MIRI: The RM8 million Petronas Eco-Marine Conservation Project aims to place 1,750 artificial ‘ultra’ reef balls in stages at the 12,200ha Miri-Sibuti Coral Reef Complex over the next five years.

Yesterday, Sarawak Forestry Corporation (SFC) and Petronas placed the first 170 of these artificial modules from this initiative in the area.

“This is a five-year project, which kicked off last year.
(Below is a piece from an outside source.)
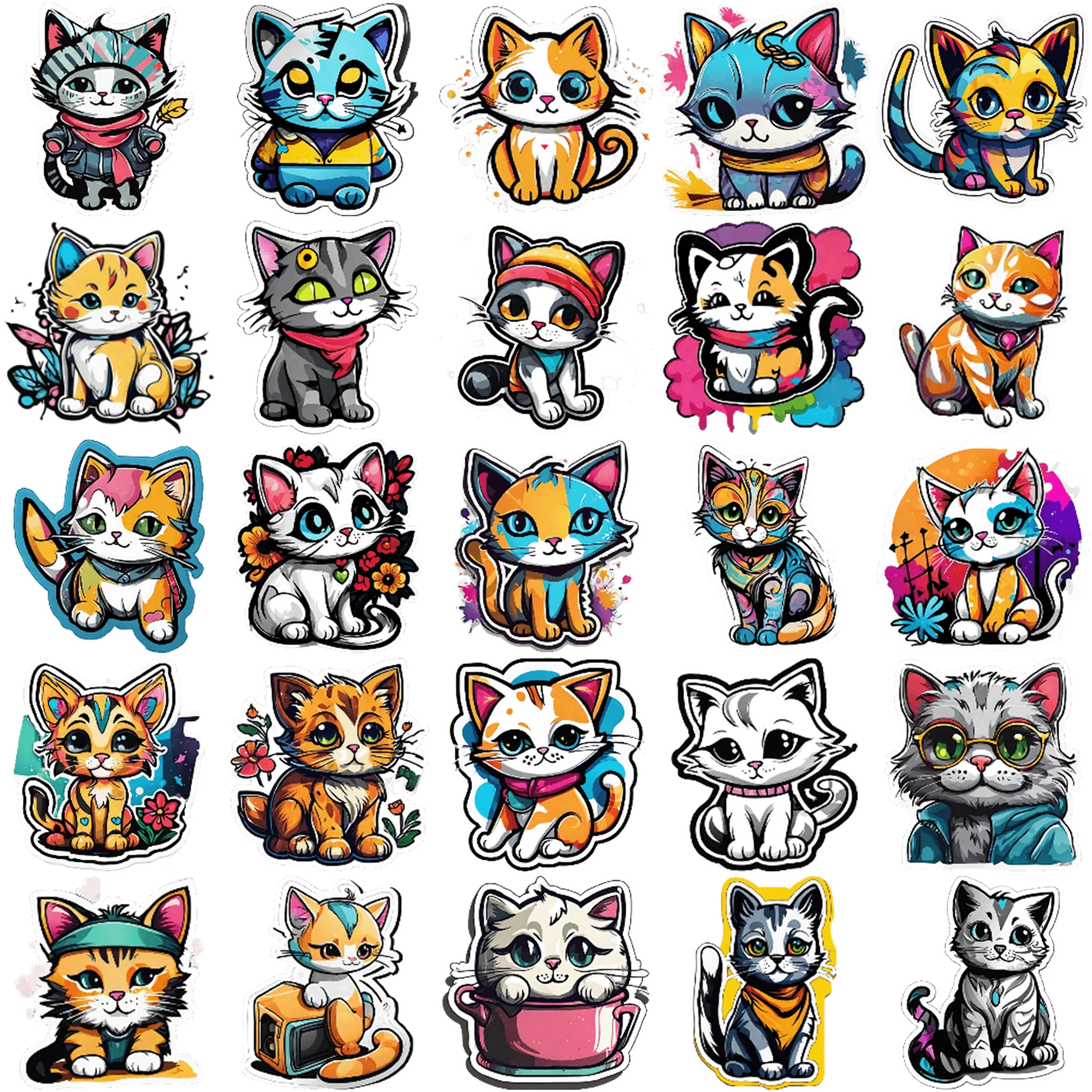 50 pieces of cute cat stickers Decorate Your Walls, Furniture, and More with these 50 pcs Colorful Sticker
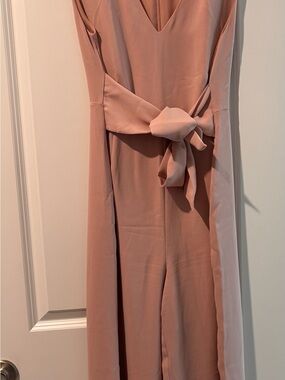 Sleeveless Pink Tie-Waist Women’s Jumpsuit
It is being carried out with financial support from Petronas to the state government through SFC, which provides the technical aspect,” Deputy State Secretary Datu Jaul Samion told reporters.

“It is a good effort in terms of conservation of marine biodiversity: in the long run, it would help increase the fishermen’s harvest.”

Jaul takes a photo as an artificial reef ball is deployed at the Miri-Sibuti Coral Reef Complex.

Jaul takes a photo as an artificial reef ball is deployed at the Miri-Sibuti Coral Reef Complex.

Jaul, who is also Petronas-Sarawak Joint Working Committee corporate social responsibility committee chairman, said the project would also help to attract tourists and boost Miri’s eco-tourism products, such as diving and sports fishing.

“This conservation project is vital for us to attract more tourists to enjoy the beauty of all the natural resources that we have, including our diverse marine life.”

SFC marine biologist James Bali said the reef balls would be effective in regenerating coral within the marine national park.

He said the project formed part of ongoing efforts to protect and provide alternative fishing grounds to over 1,500 local fishermen in Miri and Sibuti and also to keep illegal trawlers at bay.

“More importantly, the balls would act as a deterrent to fishermen who use trawlers in the area because their nets would get caught on the balls’ rough surface and tear. This would teach them a lesson, and they would not come back to fish in the area again.”